Peoria Notre Dame 69, Lady Potters 61
This is November. We haven’t even stuffed the turkey yet. Basketball’s not supposed to get breathtakingly serious until February. Every night out, late in February, it’s like win or go home. It felt that way tonight.
Abby VanMeenen, about to shoot two free throws, was trying to breathe.
Not late. Third quarter, 45-apiece. Upset in the making. Undefeated in four games so far, Notre Dame might become a state champion, led by Mya Wardle, another all-state guard bedeviling the Potters. All their starters back from a team that beat the Potters last February, and do we remember that score?
“Forty-seven,” the Morton coach, Bob Becker, said, “seventeen.”
As if a guy could forget.
But here we were, same year, nine months on, mostly the same people on the same teams, and it was 45-apiece with a minute left in the third quarter, and Abby VanMeenen was at the free throw line to shoot two.
Not right at the line. A step and a half back. Heels almost against the circle. Head’s down. Shoulders come up. Trying to breathe.
Wouldn’t you? A freshman. Fifteen years old. Six feet tall, a star on her grade school team that finished second in the state. Started her first varsity game last week, with maybe three days of practice, coming from volleyball. This night she had been at the line a minute ago. Missed two.
“These free throws,” she said, is what she was thinking, “have to go in.”
Also, “Calm yourself down, and believe you can make ‘em, and help your team win.”
Swished the first, rattled in the second, and Morton was on an 10-0 run that gave it a 51-45 lead with 6:14 to play.
But then Notre Dame went 11-0 in the next 2 ½ minutes, 18-4 in 4 ½ minutes of the fourth quarter. It went that way all night. Morton good, Notre Dame good, the last team good wins it.
Morton was good early, February good early, even sensational. First three times Ellie VanMeenen touched the ball, she made 3-pointers. Early, Addy Engel and Izzy Hutchinson also made 3s. A 12-0 run gave Morton a 21-11 first quarter lead.
Halftime, Morton 35-29. Three quarters, Morton 49-45.
After that, Notre Dame got really good. But even its 18-4 run wasn’t enough to make Morton go away.

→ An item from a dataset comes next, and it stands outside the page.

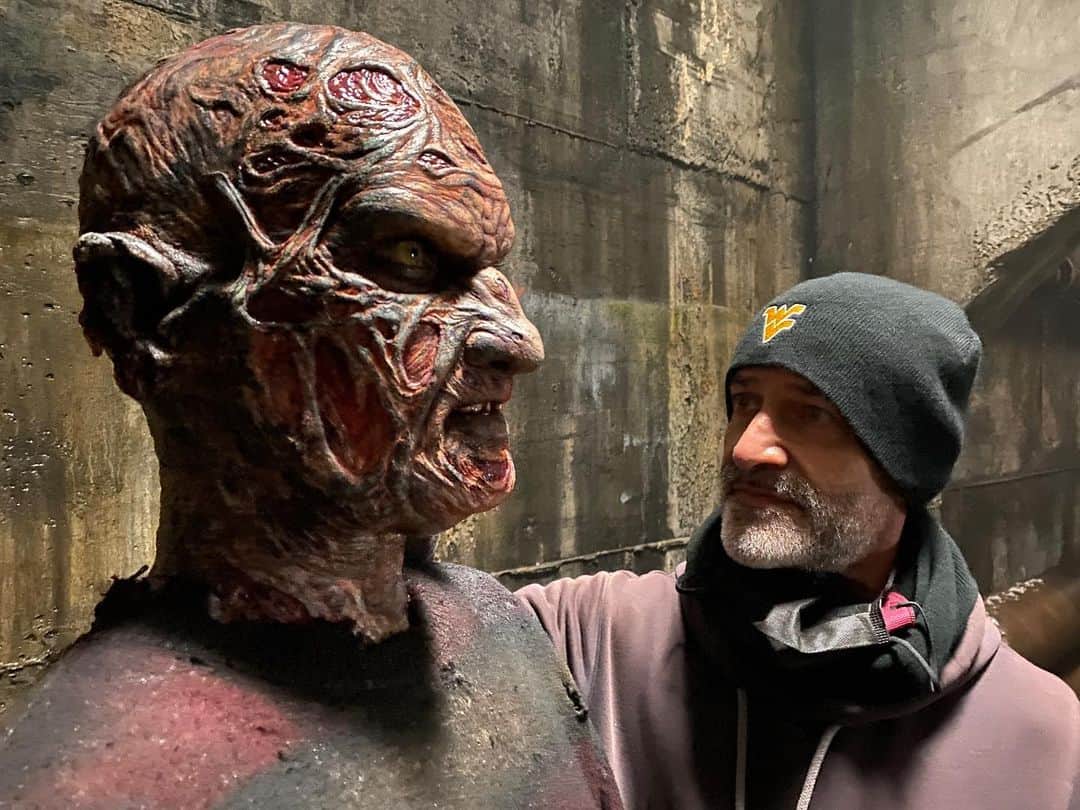 グレゴリー・ニコテロのインスタグラム：「One of the fun little Easter eggs that I “hid” in the episode of TWD I directed last weekend was a re-creation of the Freddy Krueger makeup from part one of “a nightmare elm street”. I always loved this character and all versions of the character i.e. David Miller and @yagherfx . this is a photo of my best bud and veteran of years of applying Robert’s make up @crognalegino touching up the likeness sculpted by @mikeyrots if you look closely you can see the striped sweater and a distressed glove #freddykrueger played by @garrettzehner」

An Engel 3-pointer at 1:22 cut Notre Dame’s lead to 63-59, and a Hutchinson attacking layup kept the Potters within four, 65-61, with 40 seconds to play.
They didn’t get another shot.
And now they’ve lost twice in three games, losing to two of the state’s best teams, Peoria by five and Notre Dame by the slimmest eight you’ll ever see.
Truth to tell, it was eight that left the Potters smiling, kind of.
Instead of the 23 and 21 turnovers of their first two games, they had 10 tonight. They lost by a slim eight on a night they made only 13 of 25 free throws. (Notre Dame was 11 of 13, 8 of 9 in the fourth quarter.)
“If you didn’t believe before,” Engel said, “you do now.”
“I feel like we’re one of the best right now,” Becker said. “Another month or so, we’re going to be very good.”
About then I made the mistake of suggesting to the coach that his team’s losses came to teams they might meet in the state tournament in February.
“Not Notre Dame, they’re in 2A this year.” The coach brightened up. “And not Peoria.” Becker smiled. Peoria is in the Potters region. They could meet in February. “That’s IF they get that far . . .”
Laughing now. “Just kidding,” he said, and I thought not kidding, kind of.
Addy Engel led Morton with 21 points. Ellie VanMeenen had 20. Izzy Hutchinson 10 (and a team high 8 rebounds). Paige Selke and Anja Ruxlow had 3 each, Abby VanMeenen and Katie Brock 2 each.